- **What you are asked to do**
The answer is to be the data that follows, transcribed exactly, minus its pictures.
··· Dataset section
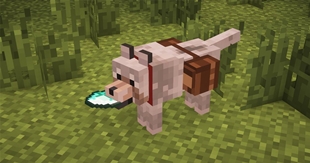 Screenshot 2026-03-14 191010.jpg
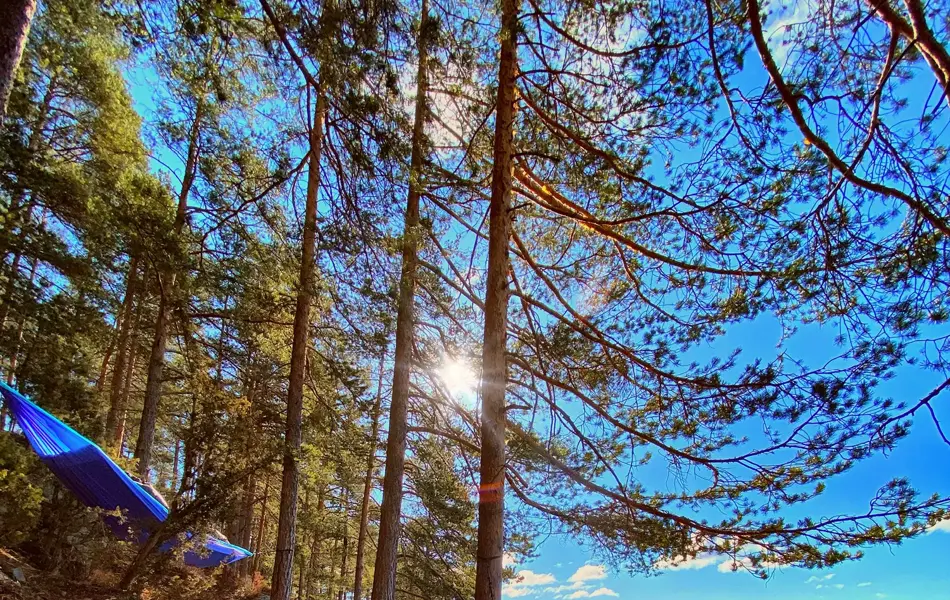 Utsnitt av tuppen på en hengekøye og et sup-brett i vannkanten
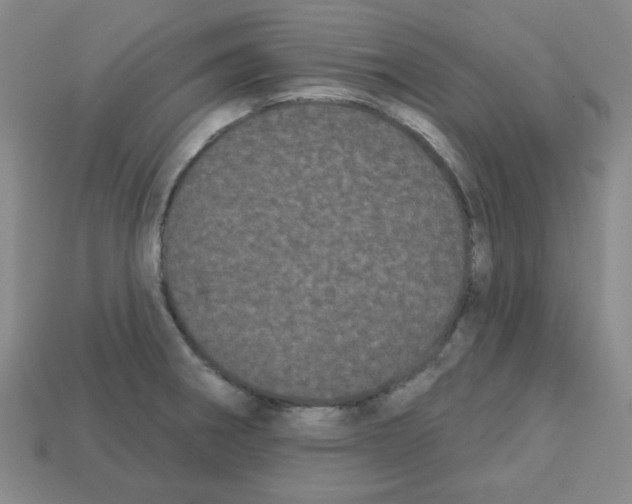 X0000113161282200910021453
······
- **Answer to the problem**
 Screenshot 2026-03-14 191010.jpg
 Utsnitt av tuppen på en hengekøye og et sup-brett i vannkanten
 X0000113161282200910021453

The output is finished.